Readers may be surprised to find that Margolis's year is not bound by the standard calendar concept of a year. He poses that 1964 really started on November 22, 1963 when President John Kennedy was assassinated in Dallas. On that day Jacqueline Kennedy became a widow, Robert Kennedy became the head of his clan, Lyndon Johnson was sworn into the office of president, and Barry Goldwater nearly decided to drop the idea of running for president. Nelson Rockefeller, Hubert Humphrey, Martin Luther King, and George Wallace were clueless to the transitions that they were about to make. The stage was set for the decline of the Democratic Party, a shift in the power in the Republican Party, the passing of the Civil Rights Act, a backlash against civil rights, the start of the Women's Movement, the disillusionment of college students, and radicalization of many in all parties. And in winter the Beatles landed at the newly renamed John F. Kennedy Airport in New York.

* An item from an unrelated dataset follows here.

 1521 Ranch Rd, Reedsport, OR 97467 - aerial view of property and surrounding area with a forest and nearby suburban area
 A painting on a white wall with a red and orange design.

The central character is Lyndon Johnson. I was surprised to learn that he was only 55 years old when he was sworn in as president. I had always thought he was a really old man. Margolis portrays him sympathetically in the early chapters, but it seems that Johnson's good intentions declined as the months went by. He began to distrust his seemingly very loyal aides and long for approval from everyone he met. Robert Kennedy, on the other hand, seems to start low and improve as the book progresses. Most people profiled seem to have their strengths and weaknesses. The one person who seems to have no redeeming qualities is FBI Director J. Edgar Hoover.

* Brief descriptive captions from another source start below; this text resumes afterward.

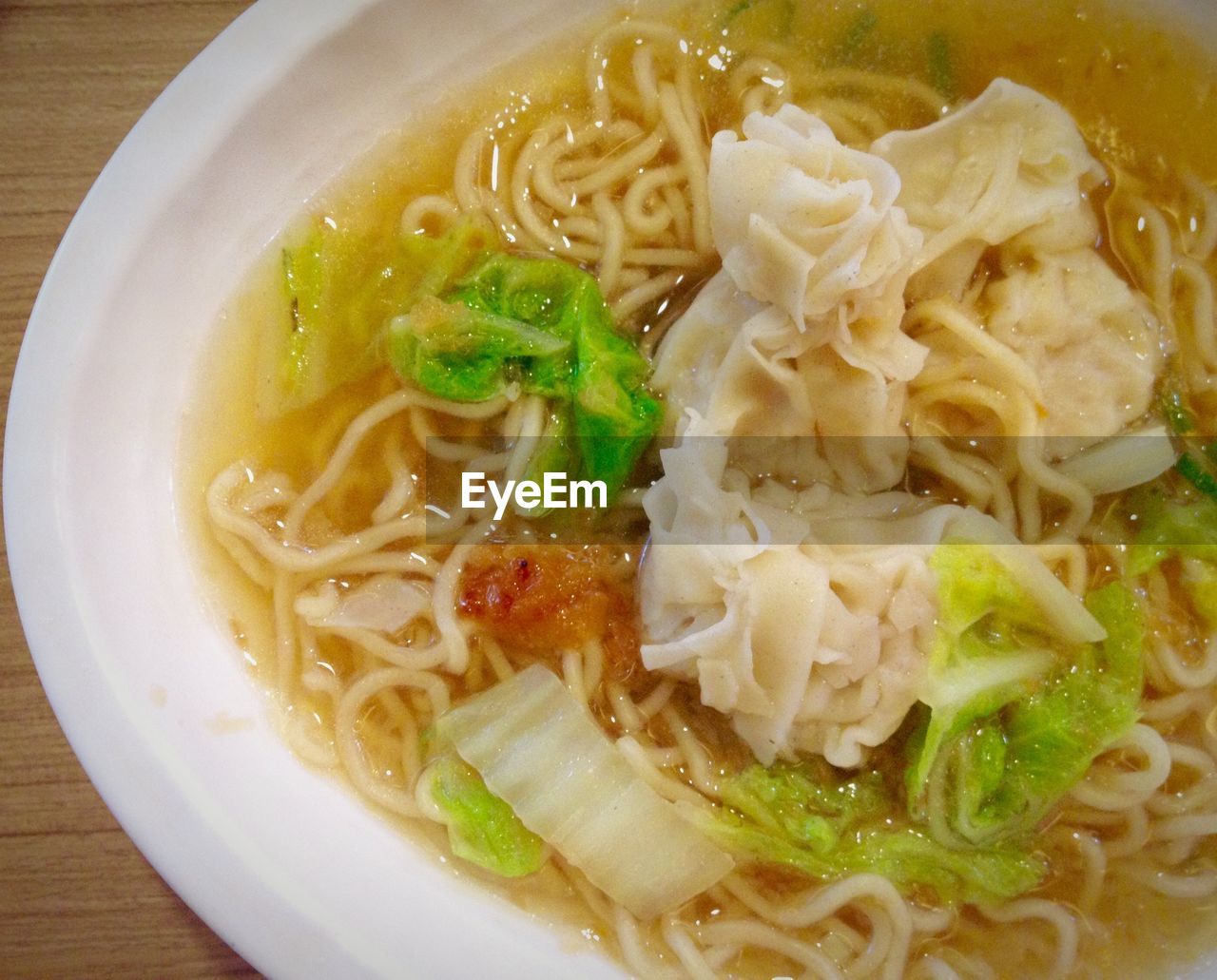 CLOSE-UP OF SOUP SERVED WITH NOODLES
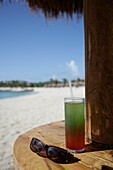 Cocktailgetränk und Sonnenbrille auf Strandtisch an der Riviera Maya, Yucatan-Halbinsel, Staat Quintana Roo, Mexiko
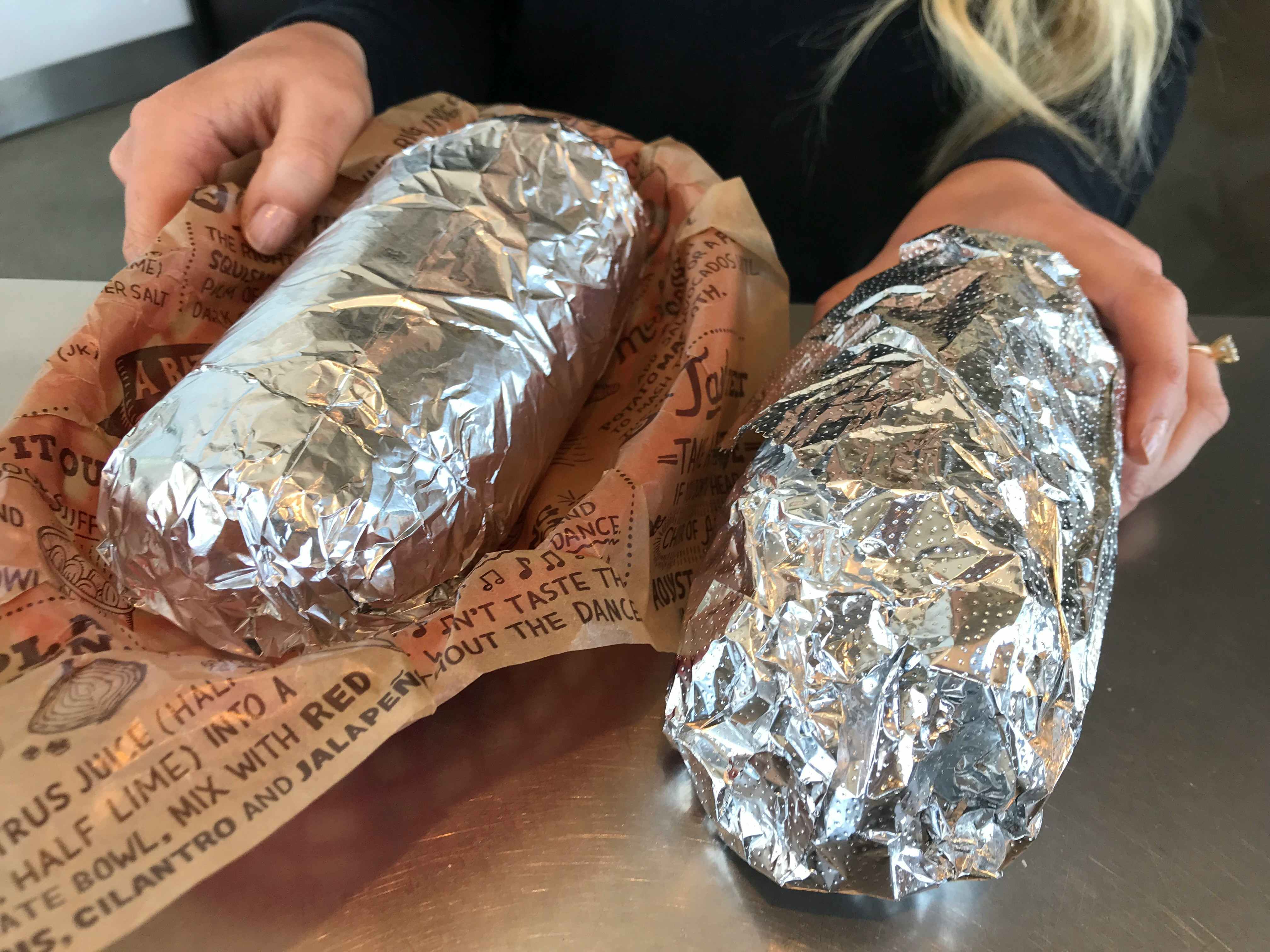 two chipotle burritos on a table 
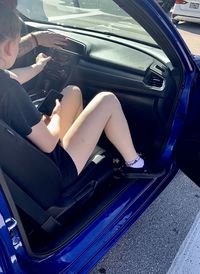 Woman sitting in car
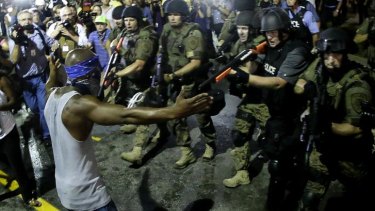 Police arrest a man as they disperse protesters in Ferguson, St Louis.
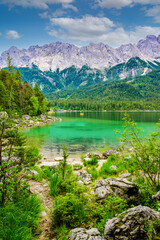  Eibsee lake with Zugspitze mountain in the background. Beautiful landscape scenery with paradise beach and clear blue water in German Alps - Garmisch Partenkirchen, Grainau - Bavaria, Germany, Europe.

I was also struck by how at the beginning of the presidential primary season, none of the major contenders had actually declared as a candidate. Few of the states had public primaries at the time, as caucuses of party regulars had control and often pledged their votes to "favorite son" candidates, who would later throw their votes to contenders in political deals made at the conventions. Johnson feared that his support would evaporate at the Democratic Convention, while the heavy-handed control exerted by the Goldwater forces to supress discussions during the Republican Convention played badly to the American public. Margolis's year ends with the election in November.
How winners can be losers and losers be eventual winners is the irony that Margolis explores in this fascinating book which will appeal to Baby Boomers and political history readers.
Margolis, Jon. The Last Innocent Year: America in 1964. William Morrow, 1999. ISBN 0688153232.